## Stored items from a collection
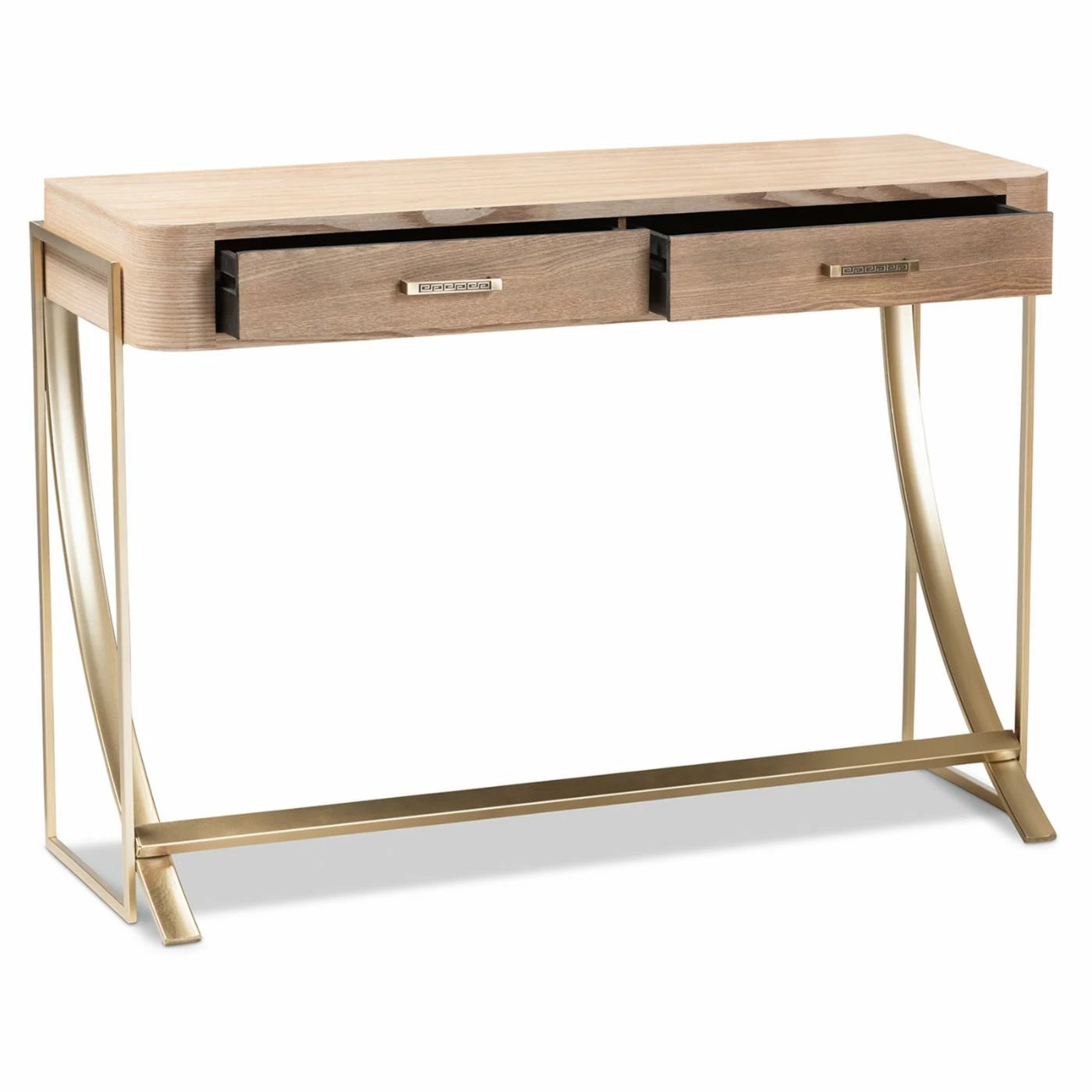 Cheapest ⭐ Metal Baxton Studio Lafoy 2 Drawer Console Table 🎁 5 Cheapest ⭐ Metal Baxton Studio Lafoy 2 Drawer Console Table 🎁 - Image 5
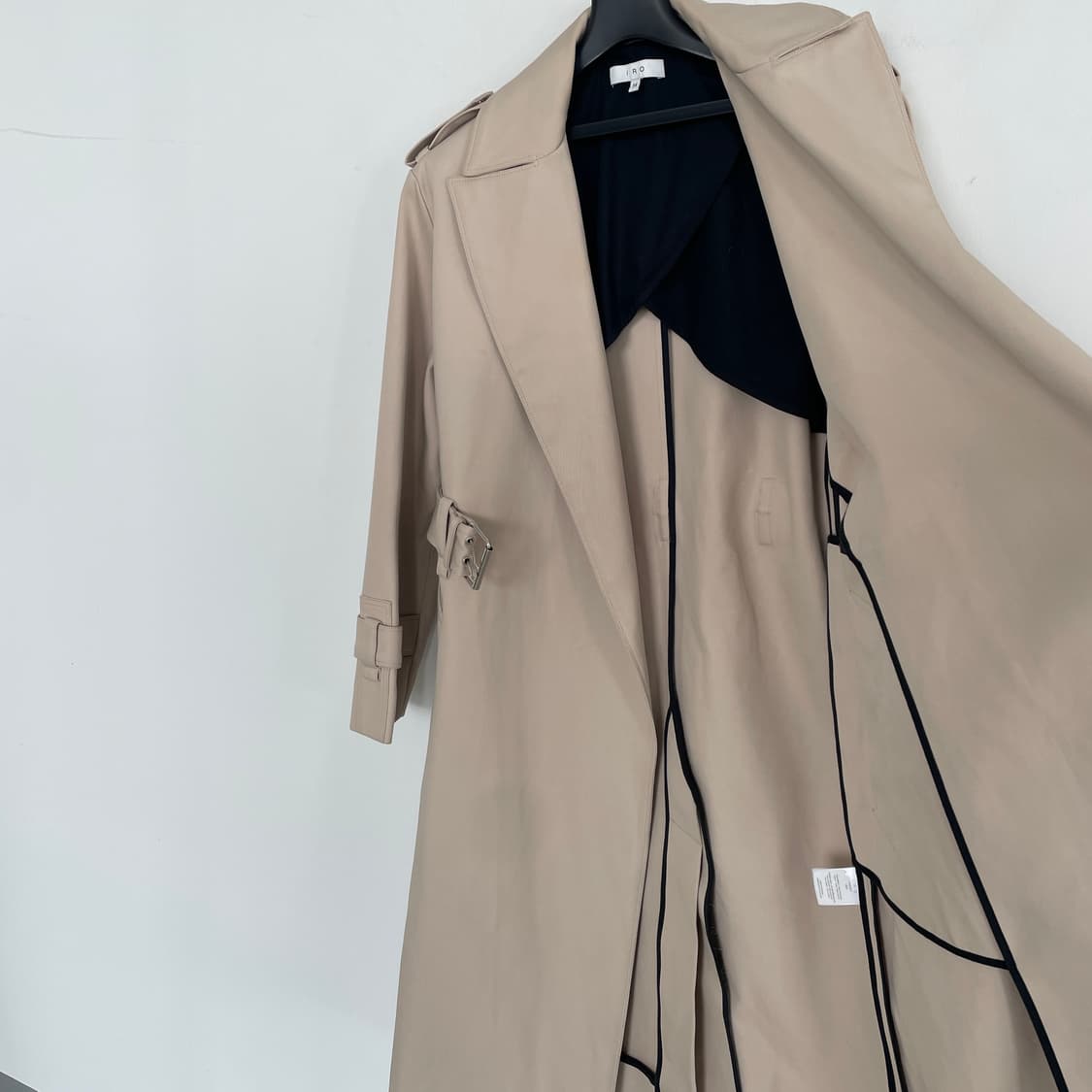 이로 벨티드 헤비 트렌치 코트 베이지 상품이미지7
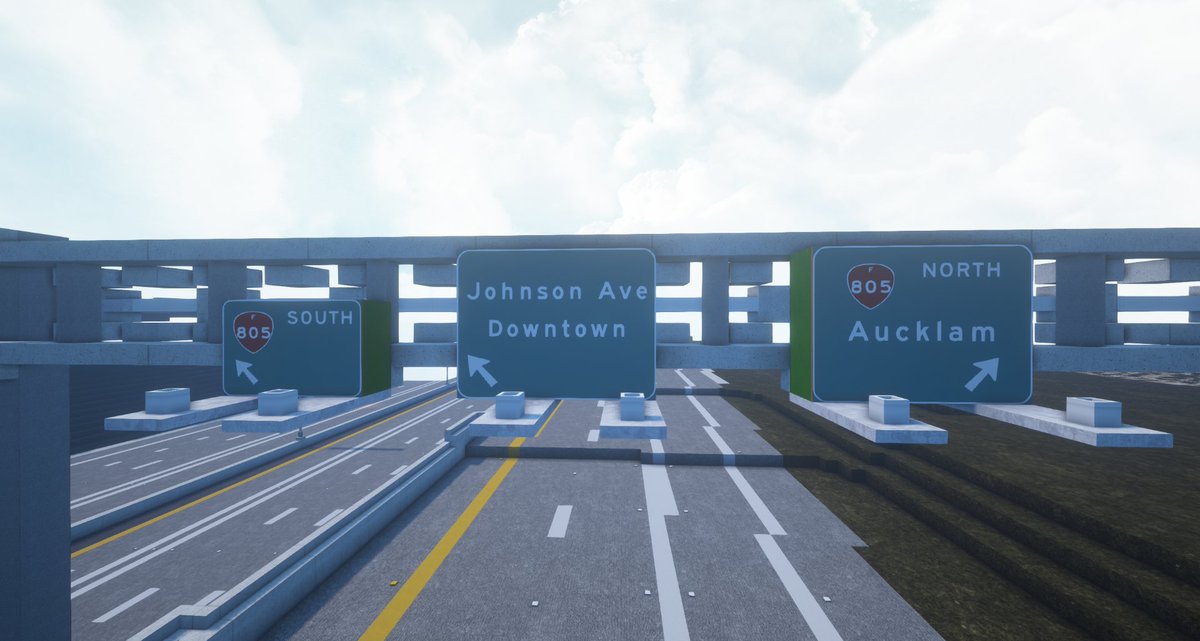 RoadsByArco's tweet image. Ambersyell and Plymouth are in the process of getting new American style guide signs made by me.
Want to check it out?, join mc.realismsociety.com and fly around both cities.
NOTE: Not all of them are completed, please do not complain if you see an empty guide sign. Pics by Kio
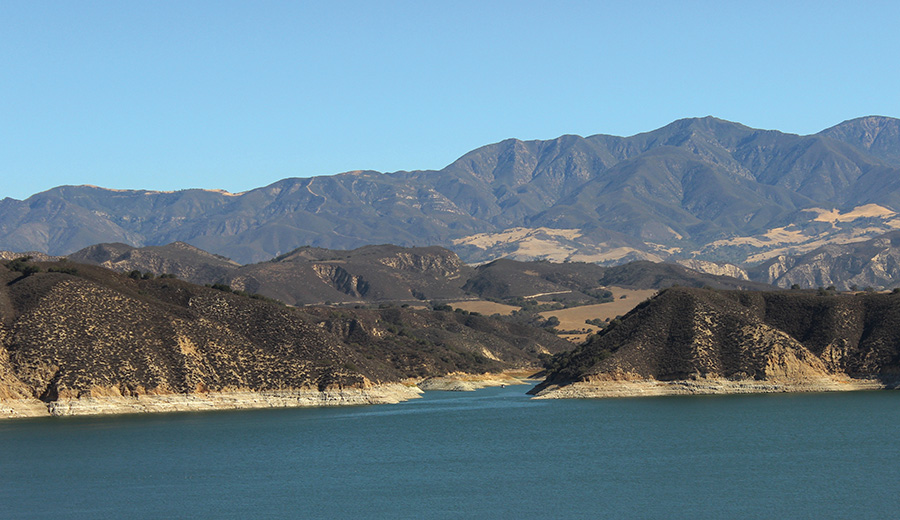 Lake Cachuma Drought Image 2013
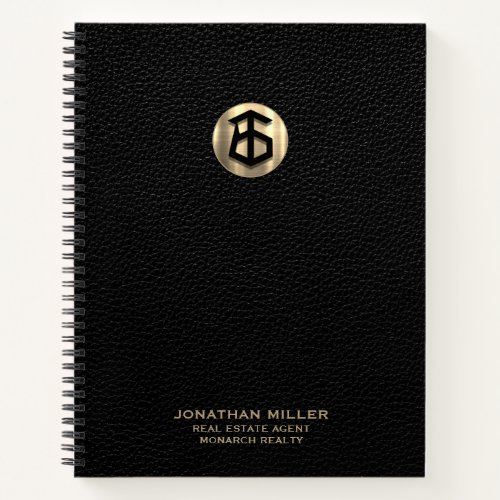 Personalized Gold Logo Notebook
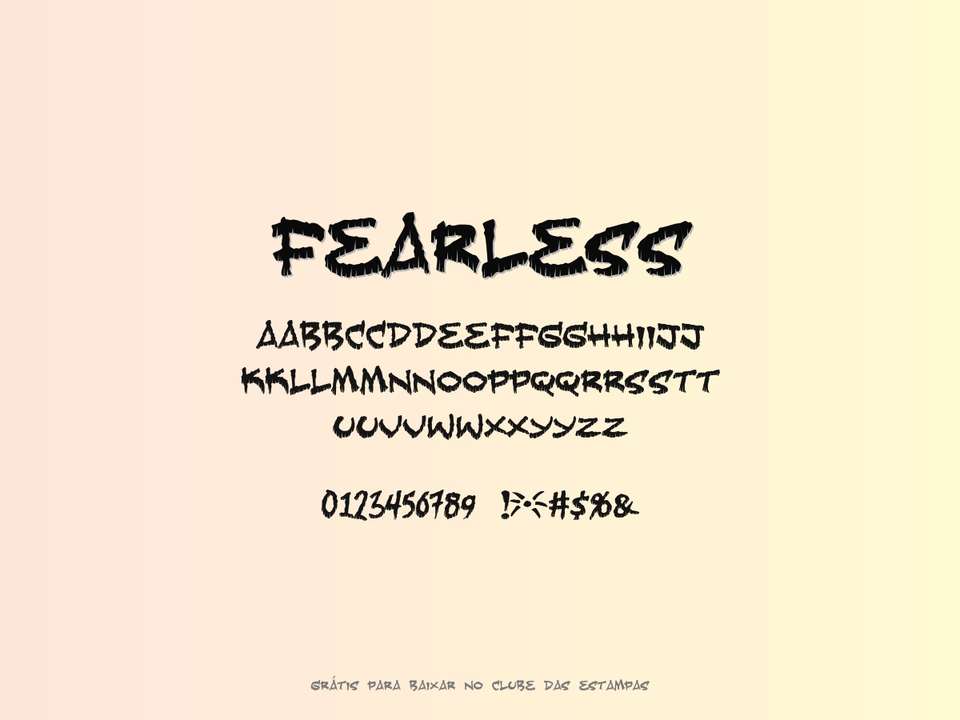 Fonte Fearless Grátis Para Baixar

## PROBLEM TO SOLVE
The whole of the data needs to be copied word for word, though not its pictures.

## RESULT OF THIS EXERCISE
 Cheapest ⭐ Metal Baxton Studio Lafoy 2 Drawer Console Table 🎁 5 Cheapest ⭐ Metal Baxton Studio Lafoy 2 Drawer Console Table 🎁 - Image 5
 이로 벨티드 헤비 트렌치 코트 베이지 상품이미지7
 RoadsByArco's tweet image. Ambersyell and Plymouth are in the process of getting new American style guide signs made by me.
Want to check it out?, join mc.realismsociety.com and fly around both cities.
NOTE: Not all of them are completed, please do not complain if you see an empty guide sign. Pics by Kio
 Lake Cachuma Drought Image 2013
 Personalized Gold Logo Notebook
 Fonte Fearless Grátis Para Baixar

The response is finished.